The American Academy of Ophthalmology (AAO) annual meeting was held in San Francisco this October. This meeting is the world’s largest association of eye physicians and surgeons, bringing together leaders from around the world.

Our Saving Sight Team attends each year to learn about new trends in eye banking and ophthalmology, and to let our partners know innovations we are exploring. Attending also allows us to be a resource to our partners in sharing information to those who couldn’t attend or might have missed part of the meeting. This experience allows us to learn together side-by-side and be a stronger support to our partner surgeons in their work.

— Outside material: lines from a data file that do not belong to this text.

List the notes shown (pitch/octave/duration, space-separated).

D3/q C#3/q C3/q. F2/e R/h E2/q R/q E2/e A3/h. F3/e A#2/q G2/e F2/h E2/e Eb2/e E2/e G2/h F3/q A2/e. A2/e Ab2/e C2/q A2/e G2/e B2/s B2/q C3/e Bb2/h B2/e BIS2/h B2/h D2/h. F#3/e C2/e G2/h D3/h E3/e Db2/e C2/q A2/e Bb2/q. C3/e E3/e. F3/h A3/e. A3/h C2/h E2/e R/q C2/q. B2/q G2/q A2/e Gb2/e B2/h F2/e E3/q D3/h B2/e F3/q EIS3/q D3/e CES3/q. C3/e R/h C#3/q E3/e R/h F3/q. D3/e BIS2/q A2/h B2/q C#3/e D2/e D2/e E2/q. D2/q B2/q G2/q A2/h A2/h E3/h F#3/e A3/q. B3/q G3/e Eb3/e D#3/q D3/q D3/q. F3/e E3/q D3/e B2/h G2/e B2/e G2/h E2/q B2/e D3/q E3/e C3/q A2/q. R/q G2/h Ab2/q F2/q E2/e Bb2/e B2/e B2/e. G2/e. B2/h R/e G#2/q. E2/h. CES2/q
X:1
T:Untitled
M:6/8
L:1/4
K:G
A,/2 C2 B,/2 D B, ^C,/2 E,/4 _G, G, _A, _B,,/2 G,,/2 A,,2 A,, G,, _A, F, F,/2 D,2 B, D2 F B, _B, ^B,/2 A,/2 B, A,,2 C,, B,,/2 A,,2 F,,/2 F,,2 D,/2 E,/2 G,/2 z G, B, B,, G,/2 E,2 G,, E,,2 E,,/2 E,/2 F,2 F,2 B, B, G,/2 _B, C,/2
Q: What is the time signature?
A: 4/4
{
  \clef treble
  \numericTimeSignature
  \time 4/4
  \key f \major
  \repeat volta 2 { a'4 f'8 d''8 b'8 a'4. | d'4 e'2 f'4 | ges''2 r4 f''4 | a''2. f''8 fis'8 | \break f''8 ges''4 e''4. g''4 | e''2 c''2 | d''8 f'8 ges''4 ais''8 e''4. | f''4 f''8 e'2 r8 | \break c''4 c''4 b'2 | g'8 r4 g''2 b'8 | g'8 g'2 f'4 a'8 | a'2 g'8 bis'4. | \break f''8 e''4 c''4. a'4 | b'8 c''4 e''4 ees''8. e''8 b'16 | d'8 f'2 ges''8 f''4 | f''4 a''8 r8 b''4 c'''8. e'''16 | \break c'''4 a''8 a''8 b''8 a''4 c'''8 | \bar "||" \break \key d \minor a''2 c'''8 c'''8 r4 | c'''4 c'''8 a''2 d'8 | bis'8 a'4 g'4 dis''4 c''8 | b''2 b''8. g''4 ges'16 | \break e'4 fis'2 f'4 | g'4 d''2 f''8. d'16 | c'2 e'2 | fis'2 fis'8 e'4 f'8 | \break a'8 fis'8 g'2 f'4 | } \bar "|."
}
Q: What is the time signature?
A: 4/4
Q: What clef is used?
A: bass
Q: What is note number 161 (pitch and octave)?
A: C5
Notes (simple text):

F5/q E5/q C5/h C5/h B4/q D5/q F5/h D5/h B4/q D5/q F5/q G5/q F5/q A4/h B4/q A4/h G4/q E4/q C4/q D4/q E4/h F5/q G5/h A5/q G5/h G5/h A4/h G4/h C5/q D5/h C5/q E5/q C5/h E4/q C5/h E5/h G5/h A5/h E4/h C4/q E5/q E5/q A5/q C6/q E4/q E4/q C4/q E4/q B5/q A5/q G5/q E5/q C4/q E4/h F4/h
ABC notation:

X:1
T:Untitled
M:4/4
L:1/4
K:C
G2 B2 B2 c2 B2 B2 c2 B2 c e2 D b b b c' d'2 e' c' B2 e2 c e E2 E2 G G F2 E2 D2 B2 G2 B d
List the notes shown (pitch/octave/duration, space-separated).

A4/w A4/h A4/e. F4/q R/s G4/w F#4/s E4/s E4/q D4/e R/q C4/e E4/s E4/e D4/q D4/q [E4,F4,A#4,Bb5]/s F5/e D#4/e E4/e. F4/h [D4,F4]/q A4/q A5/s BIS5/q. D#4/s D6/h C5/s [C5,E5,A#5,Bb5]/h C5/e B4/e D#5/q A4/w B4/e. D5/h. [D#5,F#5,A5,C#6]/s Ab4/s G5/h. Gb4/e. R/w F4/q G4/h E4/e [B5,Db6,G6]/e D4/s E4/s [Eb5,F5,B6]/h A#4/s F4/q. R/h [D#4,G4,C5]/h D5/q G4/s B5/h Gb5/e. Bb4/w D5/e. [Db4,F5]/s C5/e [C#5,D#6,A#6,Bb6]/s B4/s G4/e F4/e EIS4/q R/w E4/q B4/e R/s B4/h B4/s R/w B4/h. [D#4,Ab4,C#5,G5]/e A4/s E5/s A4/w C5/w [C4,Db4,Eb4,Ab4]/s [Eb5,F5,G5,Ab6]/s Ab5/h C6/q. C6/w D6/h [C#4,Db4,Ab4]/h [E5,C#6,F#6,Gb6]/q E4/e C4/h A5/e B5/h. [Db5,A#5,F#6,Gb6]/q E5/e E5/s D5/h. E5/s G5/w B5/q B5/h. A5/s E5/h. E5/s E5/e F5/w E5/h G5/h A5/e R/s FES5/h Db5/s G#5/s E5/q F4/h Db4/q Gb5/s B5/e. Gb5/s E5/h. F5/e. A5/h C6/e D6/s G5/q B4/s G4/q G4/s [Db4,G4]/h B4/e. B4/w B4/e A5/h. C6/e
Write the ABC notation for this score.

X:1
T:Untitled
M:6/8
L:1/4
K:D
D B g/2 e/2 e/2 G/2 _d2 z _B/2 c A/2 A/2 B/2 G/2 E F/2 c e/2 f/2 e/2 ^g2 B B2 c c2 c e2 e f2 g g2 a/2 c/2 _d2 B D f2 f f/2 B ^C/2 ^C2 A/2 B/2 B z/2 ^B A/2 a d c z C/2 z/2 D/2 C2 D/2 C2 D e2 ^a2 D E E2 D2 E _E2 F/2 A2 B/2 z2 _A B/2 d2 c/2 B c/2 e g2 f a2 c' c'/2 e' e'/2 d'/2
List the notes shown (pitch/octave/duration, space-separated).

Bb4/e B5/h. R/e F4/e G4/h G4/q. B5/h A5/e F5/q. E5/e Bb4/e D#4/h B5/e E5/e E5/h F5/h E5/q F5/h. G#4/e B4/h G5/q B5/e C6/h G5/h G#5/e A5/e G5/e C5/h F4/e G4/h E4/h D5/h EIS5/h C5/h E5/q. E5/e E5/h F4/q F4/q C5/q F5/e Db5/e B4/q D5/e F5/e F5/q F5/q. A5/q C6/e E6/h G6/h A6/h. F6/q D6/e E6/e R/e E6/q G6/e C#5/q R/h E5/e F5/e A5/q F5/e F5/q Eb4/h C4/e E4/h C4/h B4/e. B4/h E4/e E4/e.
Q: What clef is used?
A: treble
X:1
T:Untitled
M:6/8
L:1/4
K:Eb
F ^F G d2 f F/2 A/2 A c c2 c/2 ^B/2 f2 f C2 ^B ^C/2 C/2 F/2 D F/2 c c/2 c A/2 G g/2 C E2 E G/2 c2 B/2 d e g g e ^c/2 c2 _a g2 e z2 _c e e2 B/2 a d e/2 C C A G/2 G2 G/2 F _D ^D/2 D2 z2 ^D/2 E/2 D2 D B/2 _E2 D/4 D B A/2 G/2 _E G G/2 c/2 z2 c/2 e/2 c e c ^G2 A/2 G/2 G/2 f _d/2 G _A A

In case you missed AAO, or if you want a refresh, here are our top takeaways from the conference and presentations:

  1. Congratulations to Dr. Shahzad Mian on being awarded the R. Townley Paton Award at AAO 2019! This award is the Eye Bank Association of America’s highest honor for corneal physicians and is presented annually to an ophthalmologist in recognition of his/her outstanding contribution to eye banking and EBAA. Dr. Mian presented his R. Townley Paton Lecture entitled, Defining Competency for Cornea Surgeons: Fellowship and Beyond. During the lecture, Dr. Mian highlighted the goals of cornea fellowship in training physicians to provide the best care to patients. As the field of corneal transplantation continues to evolve, so too must training models and continuing education. His passion for education is clear, and our Saving Sight team was privileged to host Dr. Mian in St. Louis at our last DMEK wet lab in 2018. Saving Sight thanks Dr. Mian for his contributions to our DMEK wet lab and to the eye banking industry as a whole.
  2. During AAO, there was continued talk about the use of antifungals in Optisol. The EBAA reported a primary graft failure even with the use of antifungals. Some eye banks are increasing the concentration in hopes of improving efficacy. Many physicians are concerned about the possible toxic exposure to the tissue. This remains a controversial topic and few eye banks are adopting the use of antifungals.
  3. During the Cornea and Eye Banking Forum, an interesting lecture on the Comparison between Preloaded and Non-Preloaded Descemet Membrane Endothelial Keratoplasty was presented. This was pertinent for our partners who are considering DMEK and preloaded DMEK. The conclusion outlined that preloaded DMEK “showed good efficacy with similar visual outcomes, reduced graft detachment and a significantly lower rebubbling rate, compared with non-preloaded DMEK.” In addition, the study showed preloaded DMEK surgery time was significantly shorter than non-preloaded DMEK, improving efficiencies in the operating room. Another presentation of interest during the Cornea and Eye Banking Forum was DSAEK Failure in Eyes with Pre-Existing Glaucoma. The study looked at risk factors for DSAEK failure in glaucomatous eyes. The conclusion suggests glaucoma is strongly associated with a greater risk of Descemet’s stripping automated endothelial keratoplasty (DSAEK) failure.
  4. Several interesting articles were presented during Cornea Subspecialty Day, as well. Chief among them was EK Alphabet Soup: Which Flavor to Choose. This article by Dr. Marjan Farid provided a great summary on endothelial keratoplasty procedure choices, including DSAEK, DMEK, PDEK, and DWEK/DSO. The conclusion showed that EK is the standard-of-care for endothelial disease. In addition, DMEK provides better visual recovery; DSAEK is of value in complex eyes; and DWEK shows promise in central Fuchs-related cases. Cornea Subspecialty Day also had an interesting talk by Dr. Audrey Talley Rostov on an Update on Medical and Surgical Management of Dry Eye Disease. Dry eye disease affects more than 16 million people. One topic touched upon under pharmacologic management of dry eye is the use of serum tears. As co-founder and processor of Vital Tears autologous serum eye drops, this talk was very informative for Saving Sight to listen to. It allows us to see how Vital Tears and other techniques can be an asset to our physician partners.